In July 2011, Dawit H. Demelew pleaded guilty to assault by means of force likely
to cause great bodily injury (Pen. Code,1 § 245, subd. (a)(1)). Demelew was granted
probation for three years.
In August 2012, Demelew pleaded guilty to burglary (§ 459) and admitted the
crime was committed in association with a criminal street gang (§ 186.22, subd. (b)(1)).
Probation was revoked in the assault case and Demelew was reinstated to
probation. He was granted probation in the burglary case.
In February 2014 Demelew's probation was again revoked. Thereafter the court
imposed a suspended six-year prison term and reinstated Demelew to probation.
On June 15, 2014, Demelew was arrested for probation violations regarding
curfew and gang member association. Following an evidentiary hearing the court found
Demelew in violation of probation. The court sentenced Demelew to prison for the
previously suspended six-year term.
Demelew appeals contending the court erred in admitting hearsay evidence at the
probation revocation hearing, that the evidence was not sufficient to support a finding he
violated probation, and that the court erred in finding it did not have discretion to adjust
the previously suspended six-year term.

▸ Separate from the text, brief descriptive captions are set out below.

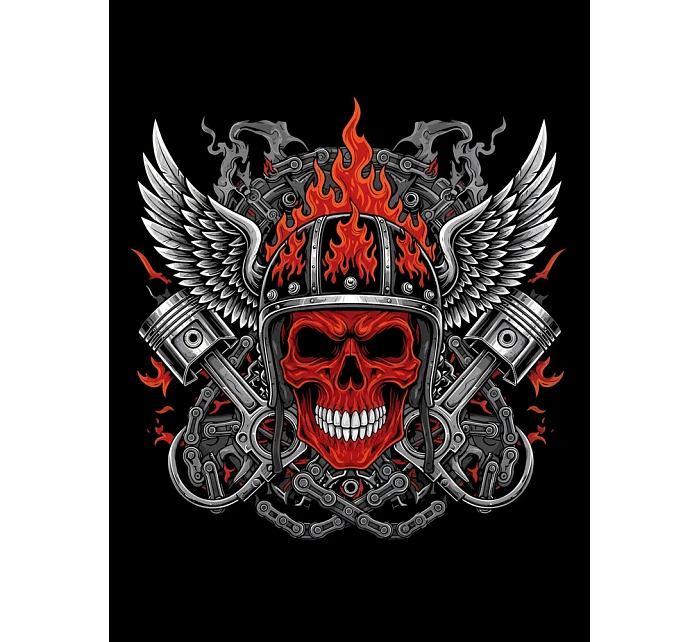 Pánské tričko s potiskem ohnivé lebky NX058R Pánské tričko s potiskem ohnivé lebky NX058R
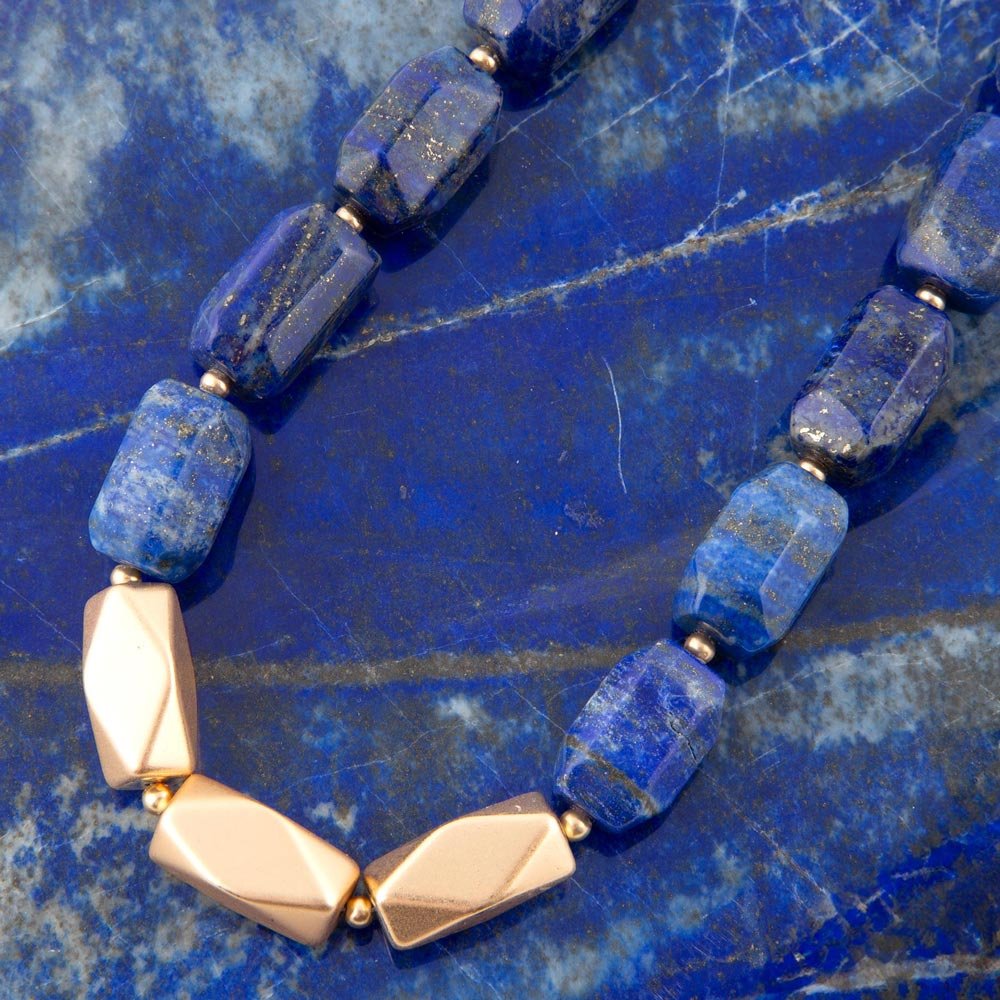 Blue Lapis Nugget Necklace - Barse Jewelry
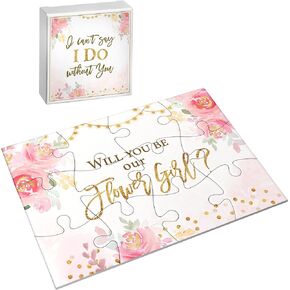 Lillian Rose Gift, Will You be Our Flower Girl Puzzle, One Size, Pink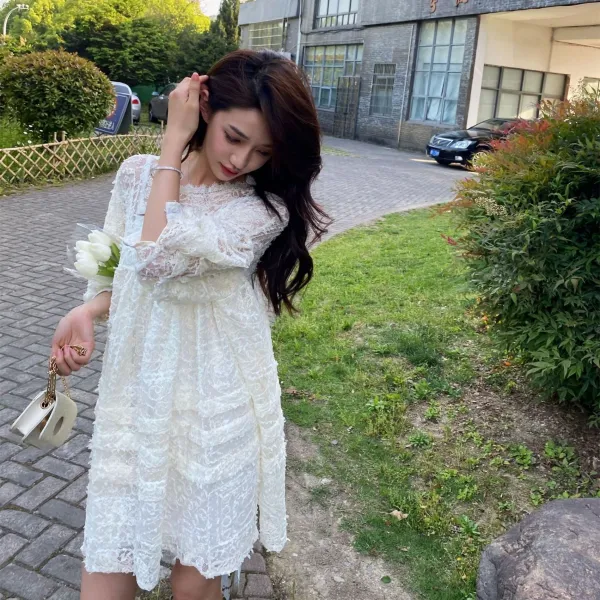 퀸 공주원피스 도주 중이다 한눈에 곧 매우 꽥 의 페미닌 레이스 스위트 라운드넥 카야노 봄 여름 x2개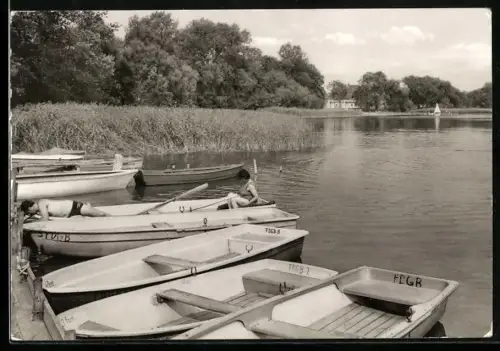 AK Gross Labenz /Sternberg, Ruderboote am Klein Labenzer See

The People contend the hearsay issue has been
forfeited by failure to object at the hearing, that the evidence supports the finding of
probation violation, that the court had no discretion to modify a previously imposed
prison term, and that the abstract of judgment must be modified to reflect the correct
1 All further statutory references are to the Penal Code unless otherwise specified.
2
term. Somewhat predictably, Demelew argues, in his reply brief that trial counsel was
ineffective for failing to object to the hearsay evidence.
We will find the hearsay issue forfeited for failure to object. The evidence was
sufficient to support the finding of probation violation. The trial court did not have
discretion to modify a previously suspended prison sentence. Demelew has not met his
burden to show that trial counsel was ineffective, and that the abstract of judgment must
be amended.
STATEMENT OF FACTS
Demelew's probation officer, Rene Cruz, testified that Demelew's probation order
include a curfew condition which required him to not be out between 8:00 p.m. and
6:00 a.m.
Cruz was called by police officers at about 5:00 a.m. on June 15, 2014. The
officers told Cruz that there had been a fight involving a large group of individuals at a
hookah lounge on University Avenue. Cruz was advised that Demelew had been
arrested, together with a man named Mahad Ahmed, a Mission Clic gang member.
Cruz then checked San Diego Police records and learned that Ahmed was a
member of the Mission Clic street gang. Cruz also learned that Demelew had visited
Ahmed in jail some years before the arrest.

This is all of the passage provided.